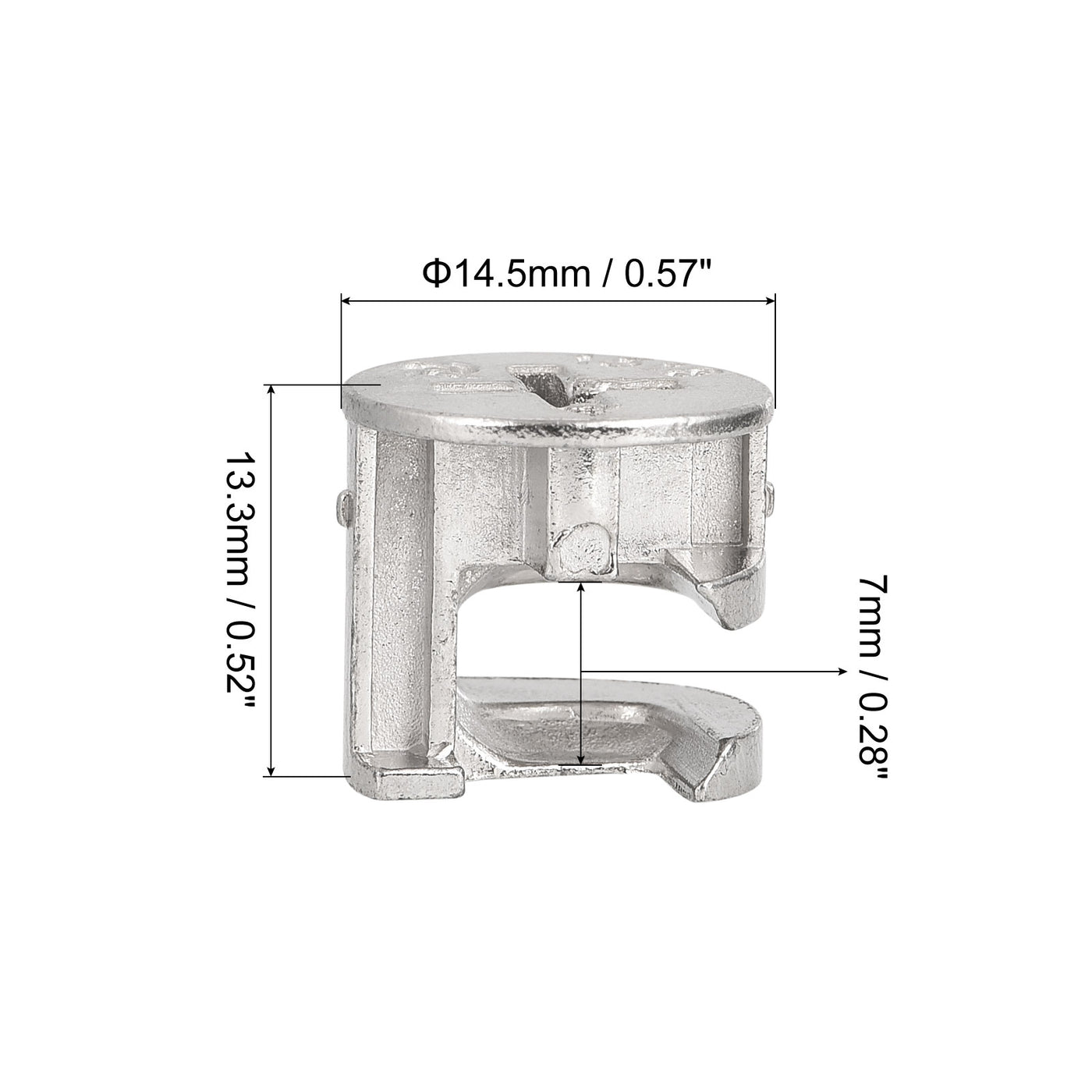 Harfington Cam Lock Nut for Furniture Joint Connector Locking Nuts, Furniture Cam Fittings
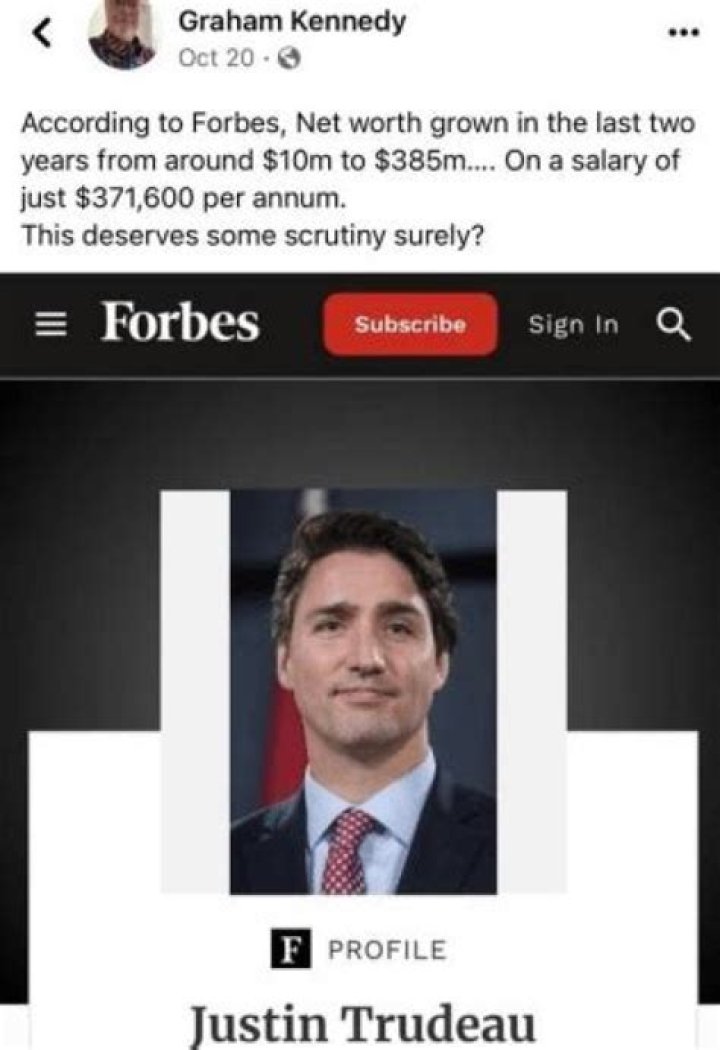 Justin Trudeau Net Worth Forbes: An In-Depth Analysis
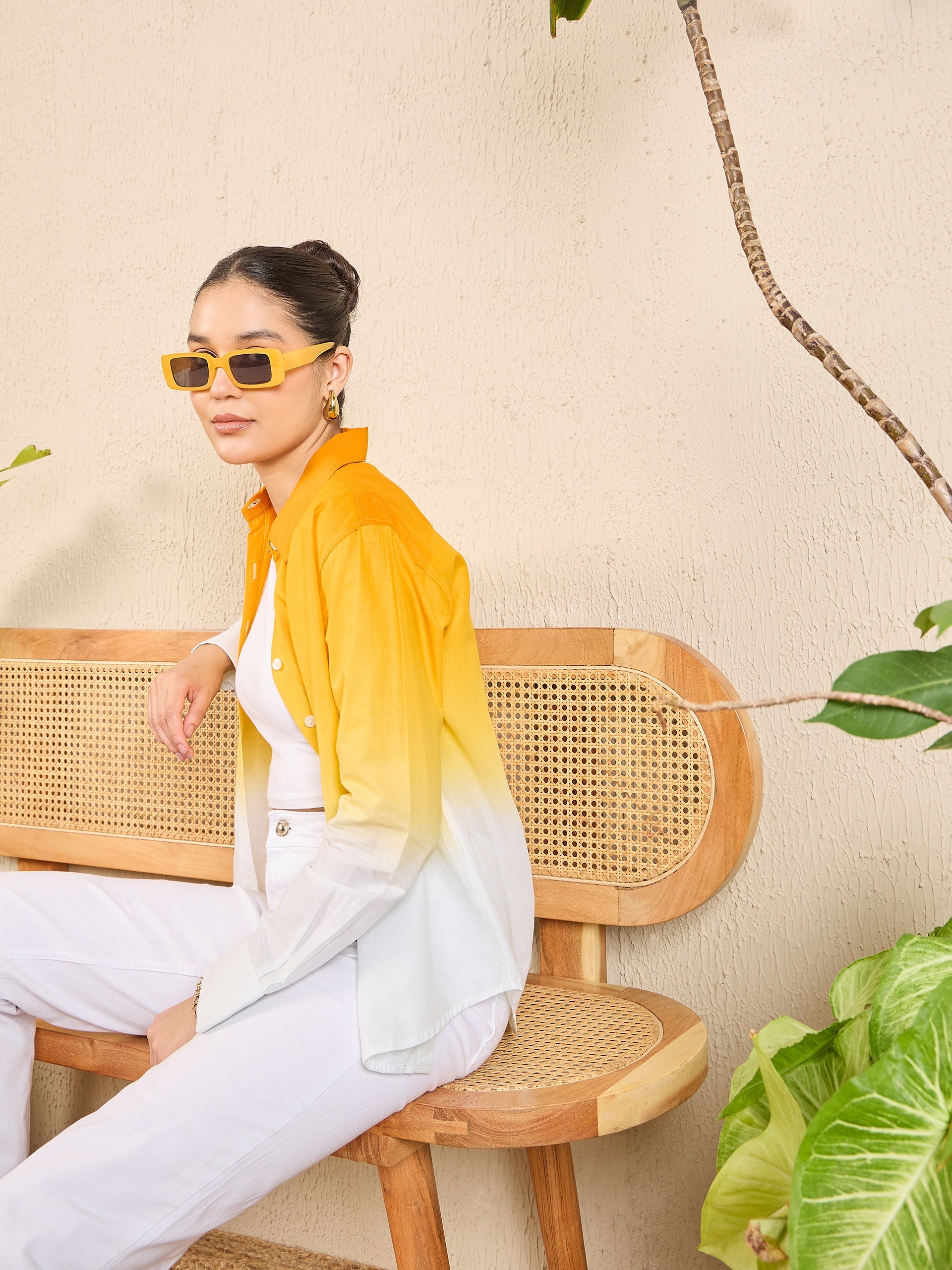 トップス Name. COTTON TWILL OMBRE CUT-OFF SHIRT Name.(ネーム) COTTON TWILL OMBRE CUT-OFF REGULAR SHIRT 商品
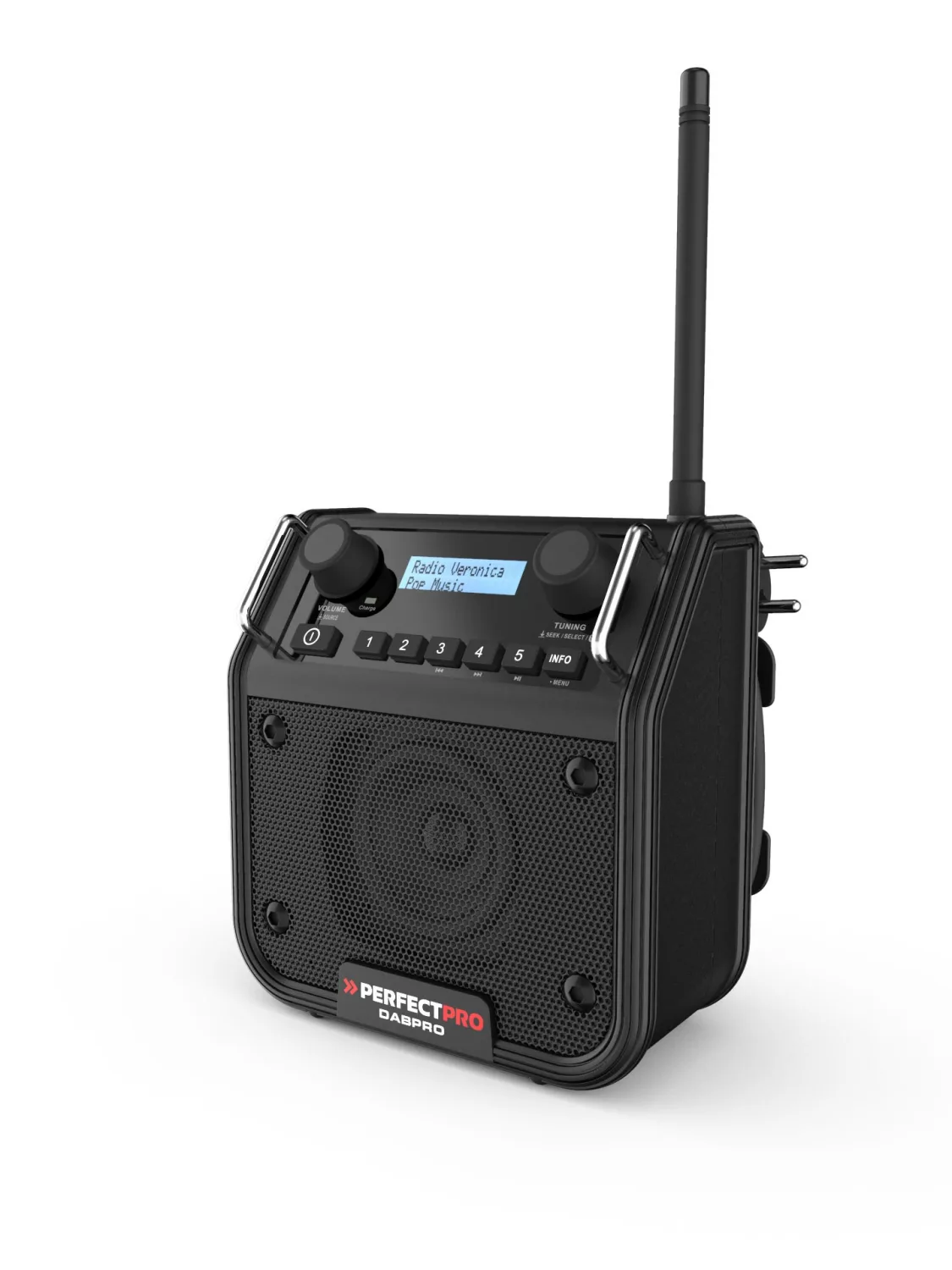 PerfectPro DABPRO2 Bouwradio - FM RDS - DAB+ - aux-in - werkt op netstroom & batterij-image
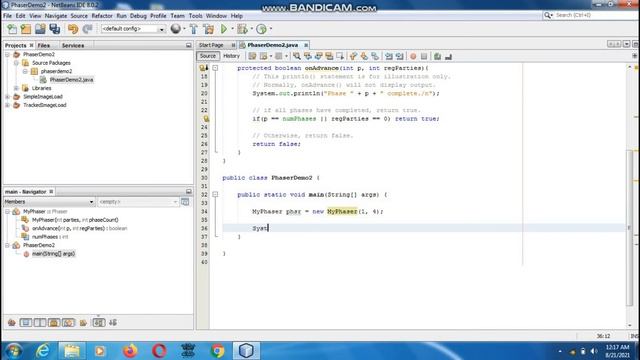 Java the complete Reference Ninth Edition (Chapter 28) Example (7) Phaser Example 2 смотреть онлайн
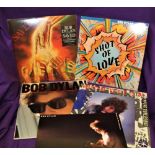 A ten album lot of Bob Dylan records - mix of original and later pressings - please ask for more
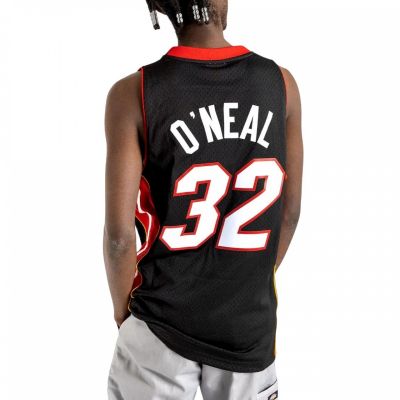 2. Mitchell &Ness NBA Swingman Miami Heat Shaquille O`Neal T-Shirt M SMJYAC18017-MHEBLCK05SON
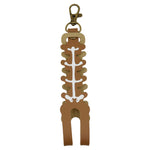 Husa pentru Kendama, Flippy, tip Pandativ/Breloc, Imprimeu Skull, din Piele Ecologica, 26 x 3.2 cm, Maro
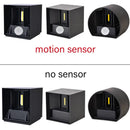 Modern black & gold motion sensor wall lamp outdoor sconce
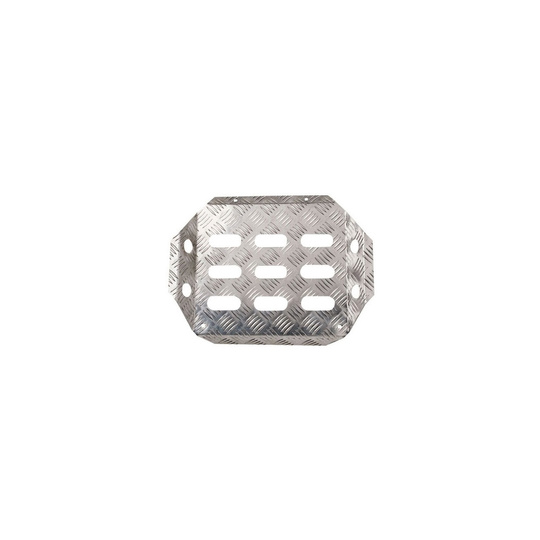 OMP Co-Driver Footrest Silver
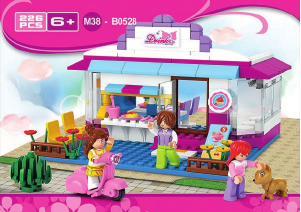 Manual de uso Sluban set M38-B0528 Girls Dream Cafetería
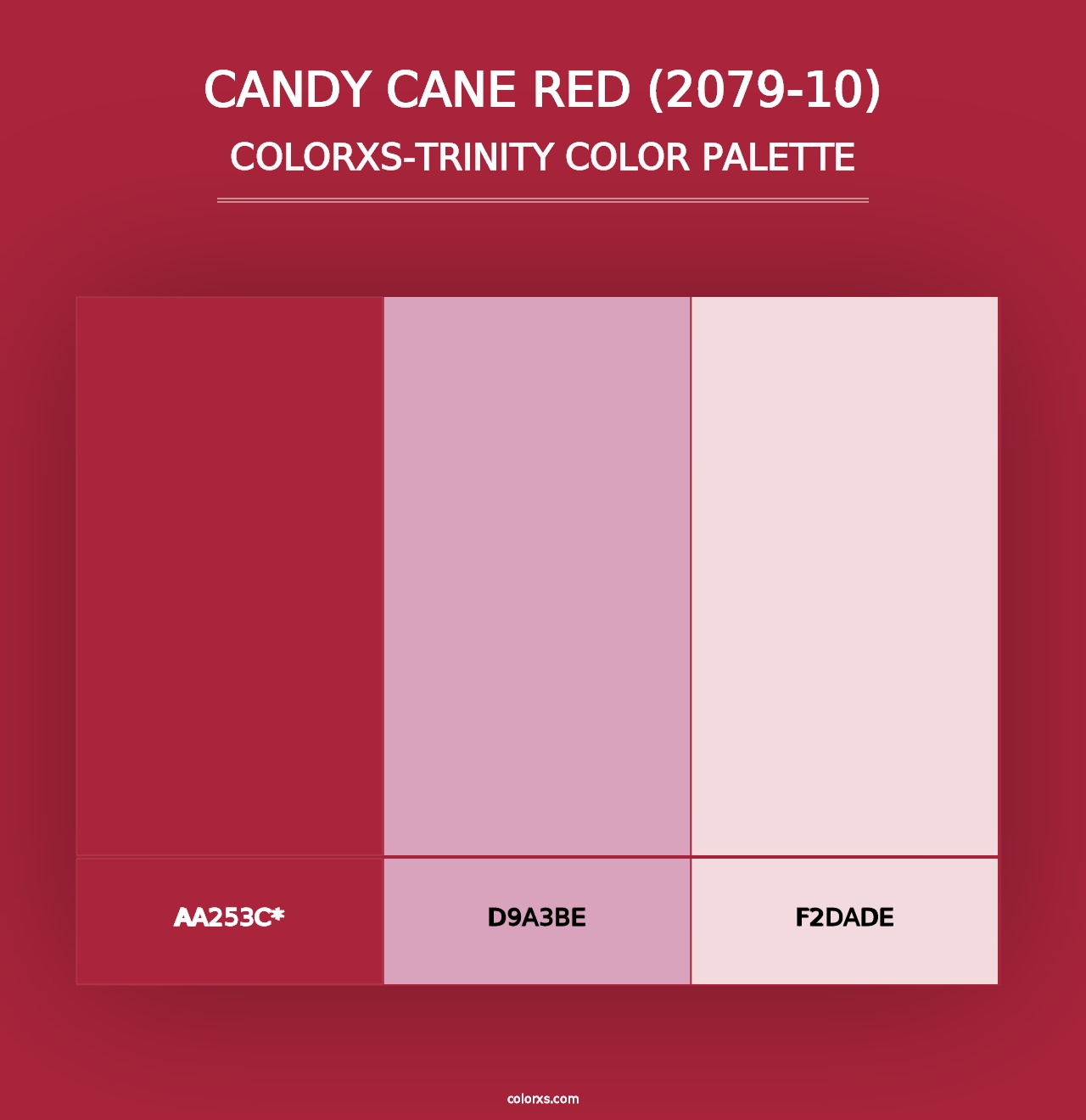 Candy Cane Red (2079-10) - Colorxs Trinity Palette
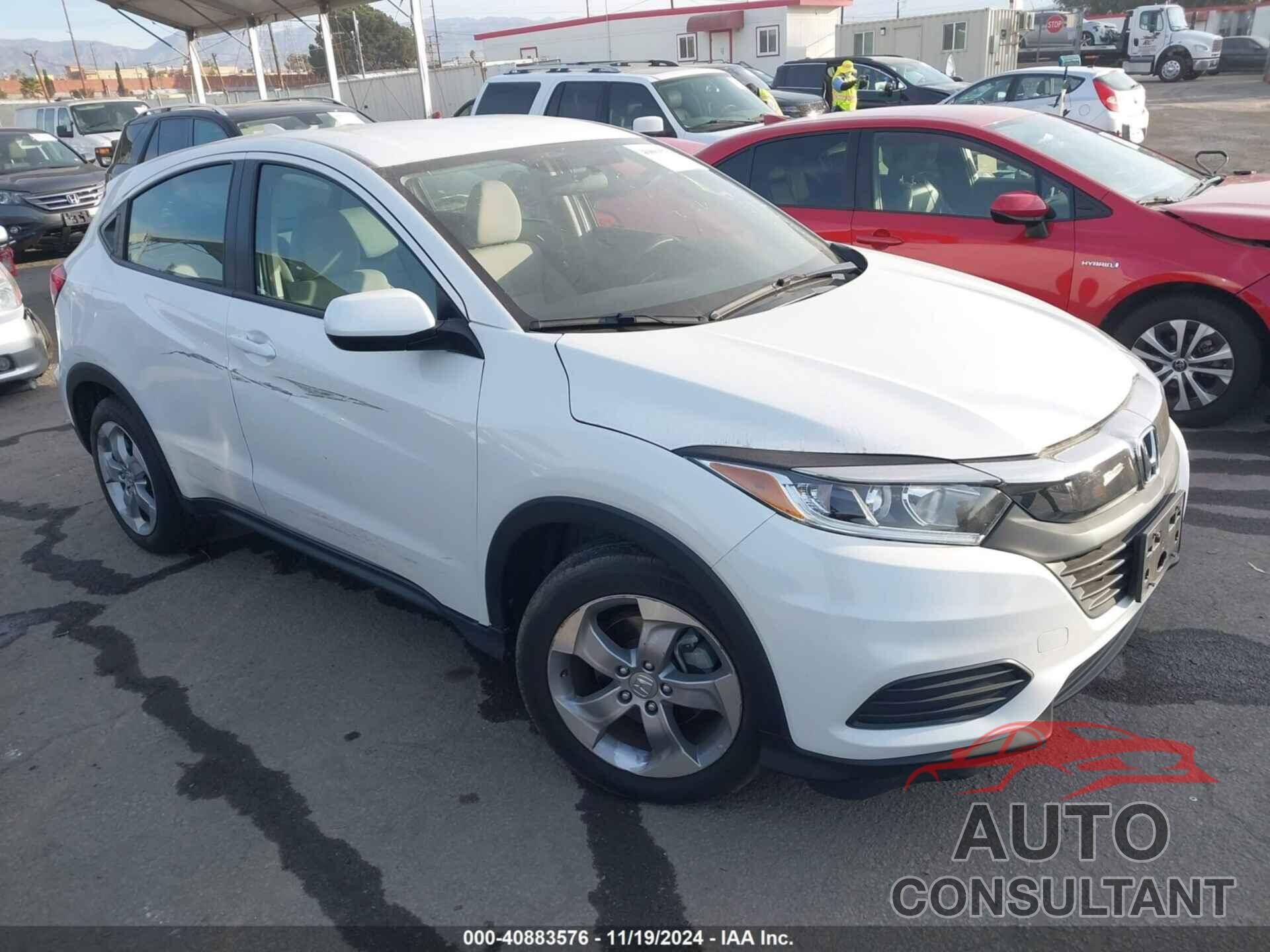 HONDA HR-V 2021 - 3CZRU5H39MM708722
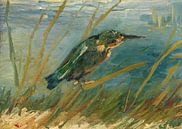 Vincent van Gogh, Eisvogel am Wasser von 1000 Schilderijen Miniaturansicht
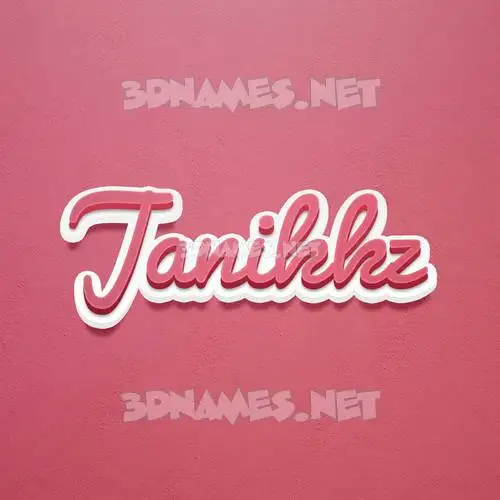 janikkz in Red Scribble style - 3D name wallpaper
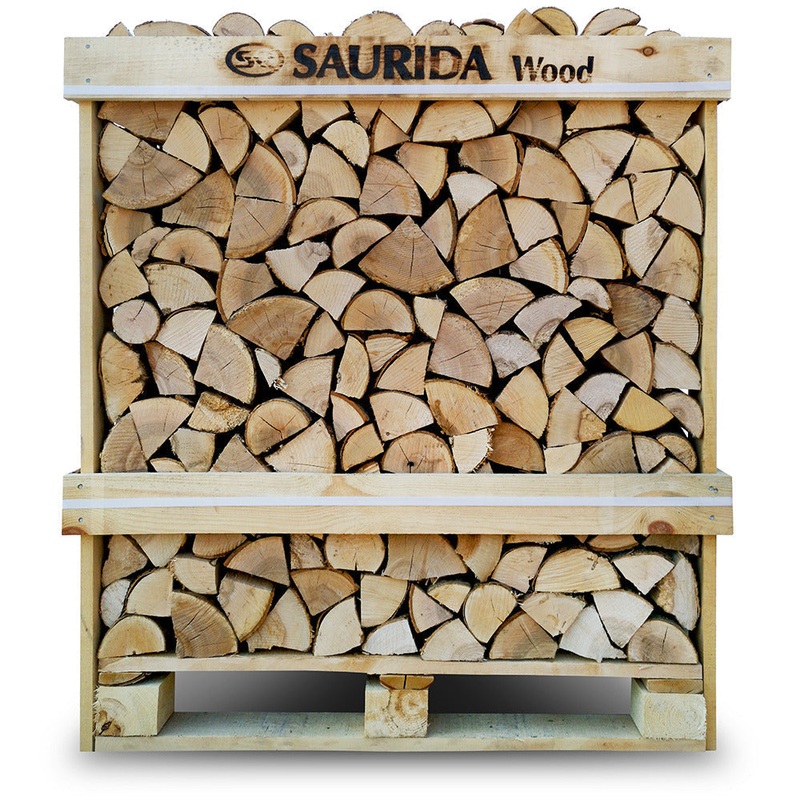 FIREWOOD BIRCH KILN DRIED LOGS 1.35m3 CRATE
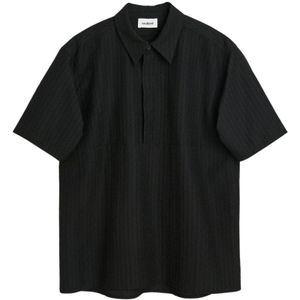 Soulland, unisex, Overhemden, Zwart, Maat: S/M Poliester,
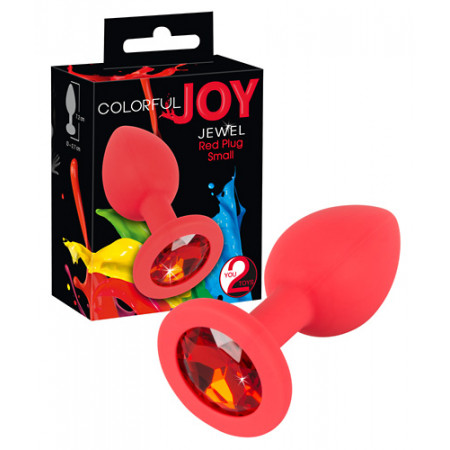 Анальна пробка  - Colorful Joy Jewel Red Plug Small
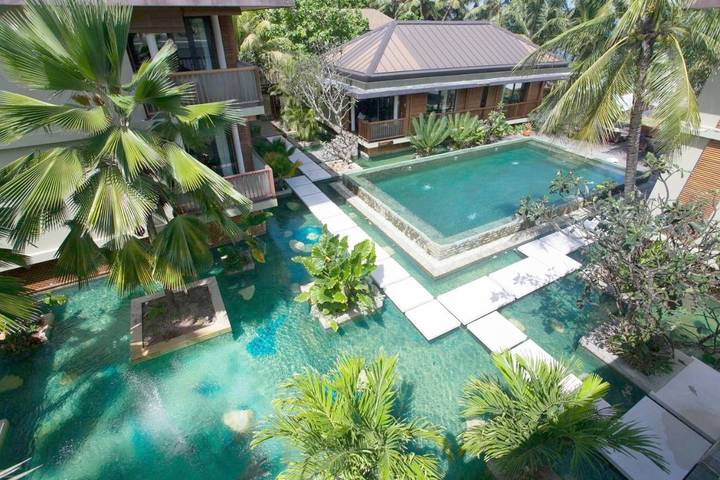 Hôtel pour 2 personnes, avec jardin ainsi que vue et piscine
- - - -
■ **WORK TASK**
Take the material above from the line containing "Justin Trudeau Net" up to and including the line containing "Husa pentru Kendama, Flippy, tip" and retype it exactly, without any pictures.

■ **ANSWER FOR THIS EXERCISE**
 Justin Trudeau Net Worth Forbes: An In-Depth Analysis
 トップス Name. COTTON TWILL OMBRE CUT-OFF SHIRT Name.(ネーム) COTTON TWILL OMBRE CUT-OFF REGULAR SHIRT 商品
 PerfectPro DABPRO2 Bouwradio - FM RDS - DAB+ - aux-in - werkt op netstroom & batterij-image
 Java the complete Reference Ninth Edition (Chapter 28) Example (7) Phaser Example 2 смотреть онлайн
 A ten album lot of Bob Dylan records - mix of original and later pressings - please ask for more
 2. Mitchell &Ness NBA Swingman Miami Heat Shaquille O`Neal T-Shirt M SMJYAC18017-MHEBLCK05SON
 Husa pentru Kendama, Flippy, tip Pandativ/Breloc, Imprimeu Skull, din Piele Ecologica, 26 x 3.2 cm, Maro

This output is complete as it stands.